- 大学野球
2021.10.08 13:00
名門を牽引する勝負強さ抜群の四番打者 正木智也(慶應義塾大)【時は来た!ドラフト指名を待つ男たち 大学生編】
運命のドラフト会議を超速報!今年はSportsBullでLIVE配信をお届けいたします。
慶應義塾高から高校通算50本塁打を放って注目を浴びていたが、大学4年間でもさらに成長を遂げて、ドラフト上位候補になった右のスラッガーだ。名門校の不動の4番打者として抜群の勝負強さがあり、特に今春の要所での活躍は見事だった。
まずリーグ戦では、開幕戦こそ無安打に終わったが、翌日の2回戦でドラフト候補の大型左腕・山下輝(法政大)から2ラン本塁打を放った。チームの連敗スタートを阻止する一打を放つと、最終的には10試合で4本塁打12打点を挙げて優勝に貢献。三振は3個のみで、10四死球を選ぶ選球眼の良さも光った。
続く全日本大学野球選手権では初戦から2試合無安打も、上武大との準決勝で3回に先制2ランを放ち、8回には決勝タイムリー。福井工業大との決勝戦でも初回に先制の2ランで口火を切ると、6回に中押しのタイムリーで13対2の大勝、34年ぶり4回目の優勝に導いた。

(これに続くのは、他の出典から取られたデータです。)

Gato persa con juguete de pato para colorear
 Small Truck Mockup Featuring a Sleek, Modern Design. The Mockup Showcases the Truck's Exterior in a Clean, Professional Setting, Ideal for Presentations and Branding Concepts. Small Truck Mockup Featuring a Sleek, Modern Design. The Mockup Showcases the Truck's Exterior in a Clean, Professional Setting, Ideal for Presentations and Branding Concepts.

「最後のアウトを取るまでは喜ばないと決めていました」とポーカーフェイスを貫いていたが優勝の瞬間、笑顔を弾けさせた。また、最高殊勲選手賞も獲得し「チームが苦しい時に打つことができて本当に嬉しいです」と喜びを噛み締めた。
こうした勝負強さに堀井哲也監督は、「どんな場面でもどんな打席でもブレない。大事にする。だから結果として、要所で打つ勝負強さに繋がっていると思います」と称賛している。
春秋連覇を目指す今秋は「(バットを内から出す)インサイドアウトのスイングの継続と高い打率を残すために変化球をいかに打つかということに取り組んでいきたいです」とさらなる高みを目指している。
開幕2週を終えて、4試合13打数3安打と、まだ本領を発揮しきれてはいないが、既に7四死球を選ぶなど動じるような様子は一切見せない。堀井監督も「四球をしっかり選んでいますし、みんなが打てない時に打ってくれればと思います」と、変わらぬ絶大な信頼を置いている。
プレッシャーのかかる場面でこそ打つ、そんなチームメイトとファンから圧倒的な支持を受けるスター性溢れる活躍をプロの世界でも期待したい。